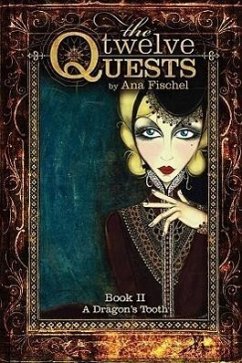 The Twelve Quests - Book 2, a Dragon's Tooth - Fischel, Ana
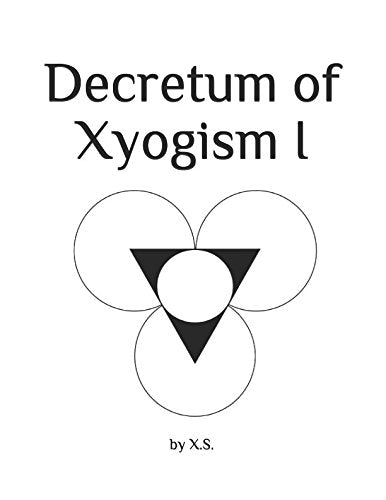 Decretum of Xyogism I Religion & Esotericism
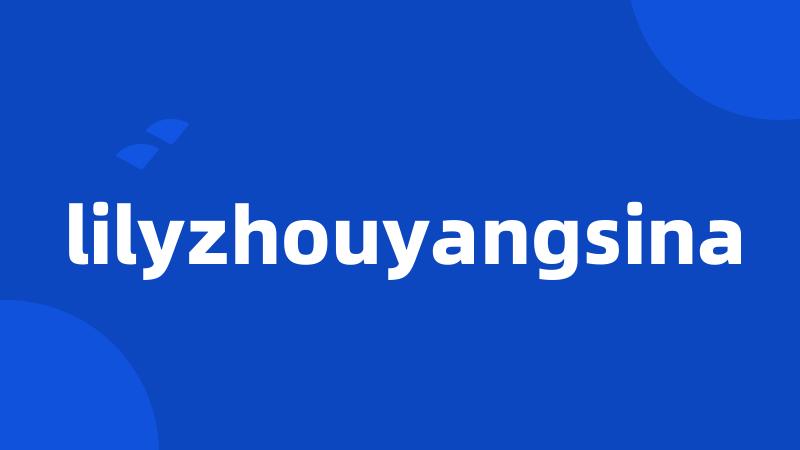 lilyzhouyangsina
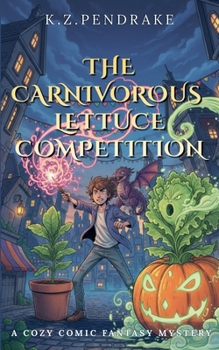 Paperback The Carnivorous Lettuce Competition Book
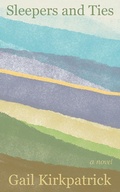 Cover: Sleepers and Ties - Now or Never Publishing Company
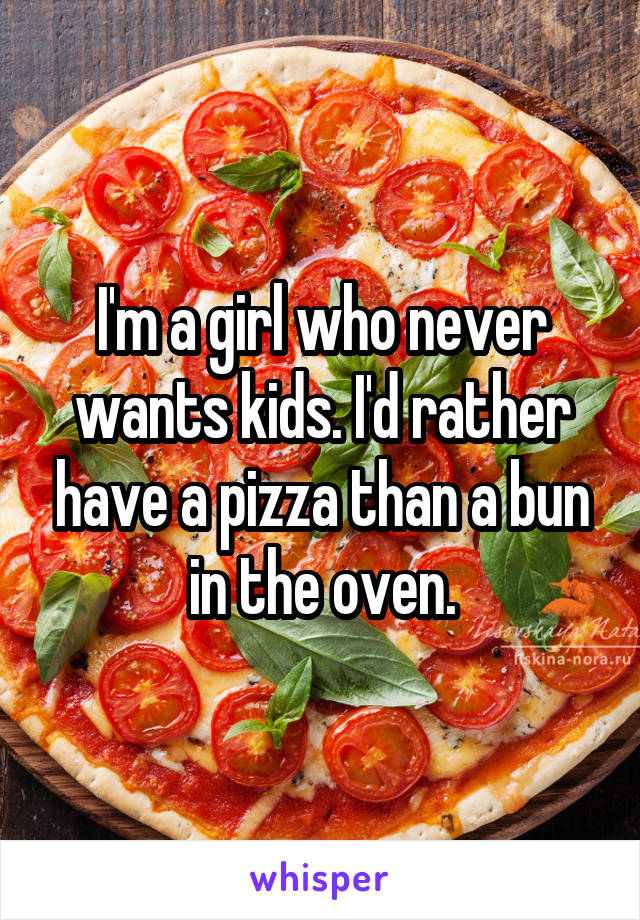 I'm a girl who never wants kids. I'd rather have a pizza than a bun in the oven.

──────────────────────────────

Work task: Leave the pictures behind and repeat each entry exactly.

Expected answer:
 The Twelve Quests - Book 2, a Dragon's Tooth - Fischel, Ana
 Decretum of Xyogism I Religion & Esotericism
 lilyzhouyangsina
 Paperback The Carnivorous Lettuce Competition Book
 Cover: Sleepers and Ties - Now or Never Publishing Company
 I'm a girl who never wants kids. I'd rather have a pizza than a bun in the oven.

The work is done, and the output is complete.